Simple Machines Community Forum

SMF Support => SMF 1.1.x Support => Aiheen aloitti: frostipuff - kesäkuu 22, 2011, 12:01:30 IP

Otsikko: Help! Print Page indexing getting worse, not better with robots.txt mods
Kirjoitti: frostipuff - kesäkuu 22, 2011, 12:01:30 IP
DISCLAIMER: I am not a webmaster.  I just run two forums that, until now, I haven't needed to know too much about the internals because SMF does such an excellent job of letting me administer the forums through the UI.

I have two SMF forums (both on v1.1.14):

My robots.txt file resides at /public_html.

I've researched the Print Page issue on this forum, and I got some help from K@ yesterday, and I know that edits to the robots.txt file can take a while to appear in search results, but I am seeing MORE "guests"--as many as a dozen at any one time in Who's Online--indexing Print Page links. 

I should note that while all these new bots/spiders are wreaking search havoc on my public forum, I no longer see Google and Yahoo IPs indexing the Print Page links. So it seems my changes are at least partially working.

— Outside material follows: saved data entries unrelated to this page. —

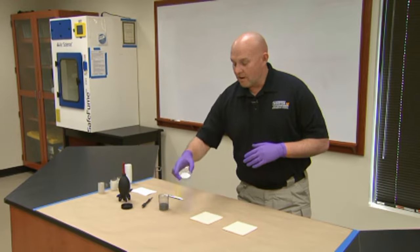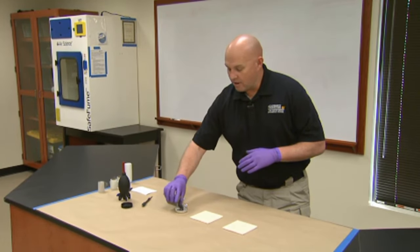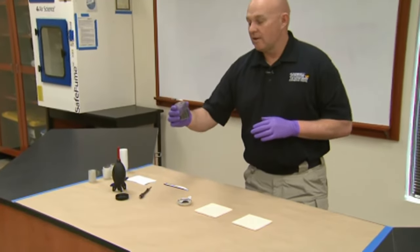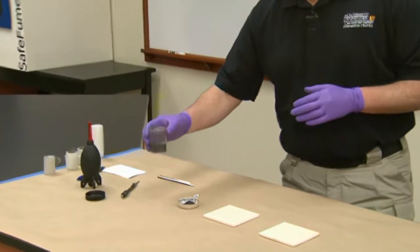What I typically carry around with me is just one of these trays. You can put magnetic powder in it. Just make sure that the magnetic powder you start with is clean and hasn't been used in other places.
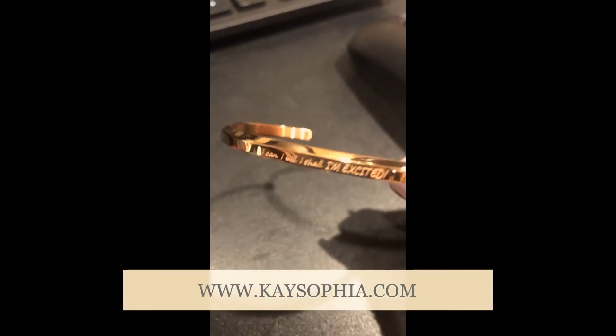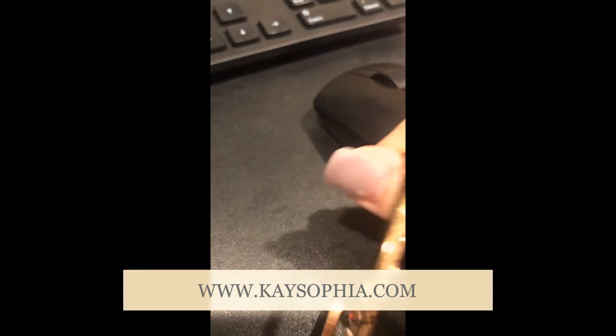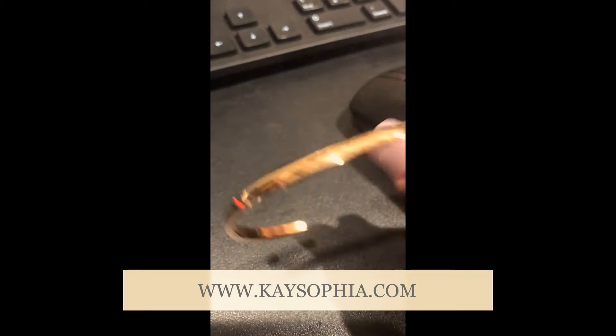Hey everybody, I just wanted to take a second and show you this bracelet. I had it on and it's so easy to wear when I'm using my mouse — it never clicks on the bottom because it's open. So I can use it all day long while using my mouse for my computer all day.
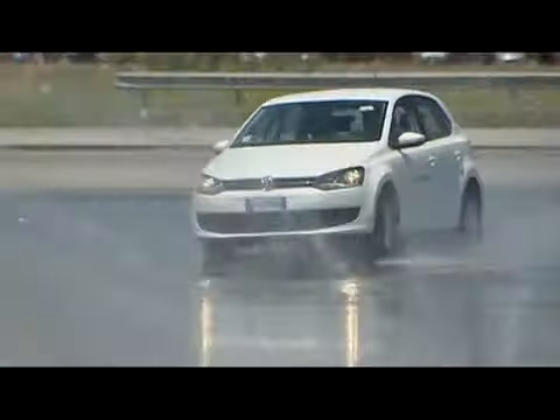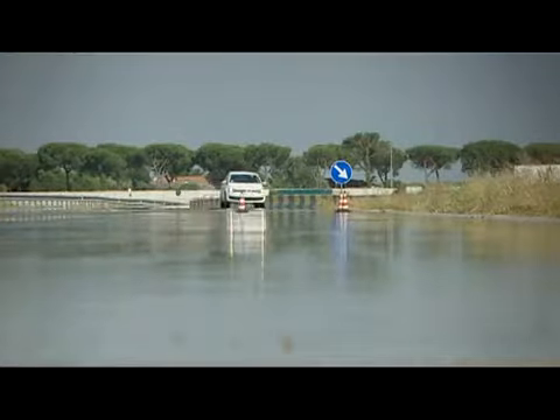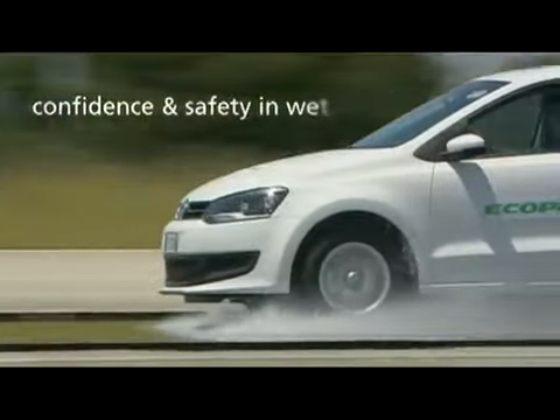No longer does reduced rolling resistance, however, mean having to compromise on safety in the wet. The Ecopia EP150's precision-engineered tread ensures an incredible level of grip and stability on wet roads.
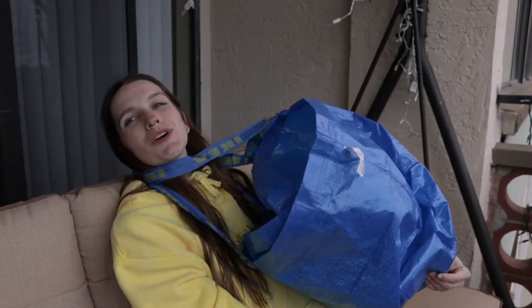But anyway, I hope you enjoy this video. If you want to see how I turn this IKEA bag into a bra, then just keep watching.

Here's a current copy of my robots.txt file. I'd be grateful if any of you can point out problems with it. For example, is it overkill?

LainaaUser-agent: *
Disallow: /mypublicdomain.com/forum/index.php?action=activate
Disallow: /mypublicdomain.com/forum/index.php?action=admin
Disallow: /mypublicdomain.com/forum/index.php?action=arcade
Disallow: /mypublicdomain.com/forum/index.php?action=calendar
Disallow: /mypublicdomain.com/forum/index.php?action=collapse
Disallow: /mypublicdomain.com/forum/index.php?action=deletemsg
Disallow: /mypublicdomain.com/forum/index.php?action=editpoll
Disallow: /mypublicdomain.com/forum/index.php?action=help
Disallow: /mypublicdomain.com/forum/index.php?action=helpadmin
Disallow: /mypublicdomain.com/forum/index.php?action=lock
Disallow: /mypublicdomain.com/forum/index.php?action=login
Disallow: /mypublicdomain.com/forum/index.php?action=logout
Disallow: /mypublicdomain.com/forum/index.php?action=markasread
Disallow: /mypublicdomain.com/forum/index.php?action=mergetopics
Disallow: /mypublicdomain.com/forum/index.php?action=mlist
Disallow: /mypublicdomain.com/forum/index.php?action=modifykarma
Disallow: /mypublicdomain.com/forum/index.php?action=movetopic
Disallow: /mypublicdomain.com/forum/index.php?action=notify
Disallow: /mypublicdomain.com/forum/index.php?action=notifyboard
Disallow: /mypublicdomain.com/forum/index.php?action=pm
Disallow: /mypublicdomain.com/forum/index.php?action=post
Disallow: /mypublicdomain.com/forum/index.php?action=printpage
Disallow: /mypublicdomain.com/forum/index.php?action=profile
Disallow: /mypublicdomain.com/forum/index.php?action=profile;area=showposts;u=*
Disallow: /mypublicdomain.com/forum/index.php?action=profile;area=showposts;sa=attach;u=*
Disallow: /mypublicdomain.com/forum/index.php?action=register
Disallow: /mypublicdomain.com/forum/index.php?action=removetopic2
Disallow: /mypublicdomain.com/forum/index.php?action=reporttm
Disallow: /mypublicdomain.com/forum/index.php?action=search
Disallow: /mypublicdomain.com/forum/index.php?action=sendtopic
Disallow: /mypublicdomain.com/forum/index.php?action=splittopics
Disallow: /mypublicdomain.com/forum/index.php?action=stats
Disallow: /mypublicdomain.com/forum/index.php?action=sticky
Disallow: /mypublicdomain.com/forum/index.php?action=trackip
Disallow: /mypublicdomain.com/forum/index.php?action=unread
Disallow: /mypublicdomain.com/forum/index.php?action=unreadreplies
Disallow: /mypublicdomain.com/forum/index.php?wap2
Disallow: /mypublicdomain.com/forum/index.php?action=who
Disallow: mypublicdomain.com/forum/attachments/
Disallow: /mypublicdomain.com/forum/avatars/
Disallow: /mypublicdomain.com/forum/Packages/
Disallow: /mypublicdomain.com/forum/Smileys/
Disallow: /mypublicdomain.com/forum/Sources/
Disallow: /mypublicdomain.com/forum/Themes/
Disallow: /mypublicdomain.com/forum/*.msg

Has anyone had any luck inserting: Disallow: /print/

And could the increase in indexed print pages be correlated to the increase in comment spammers flooding SMF forums (such that I have had to make registration manual and will install a honey pot this weekend)?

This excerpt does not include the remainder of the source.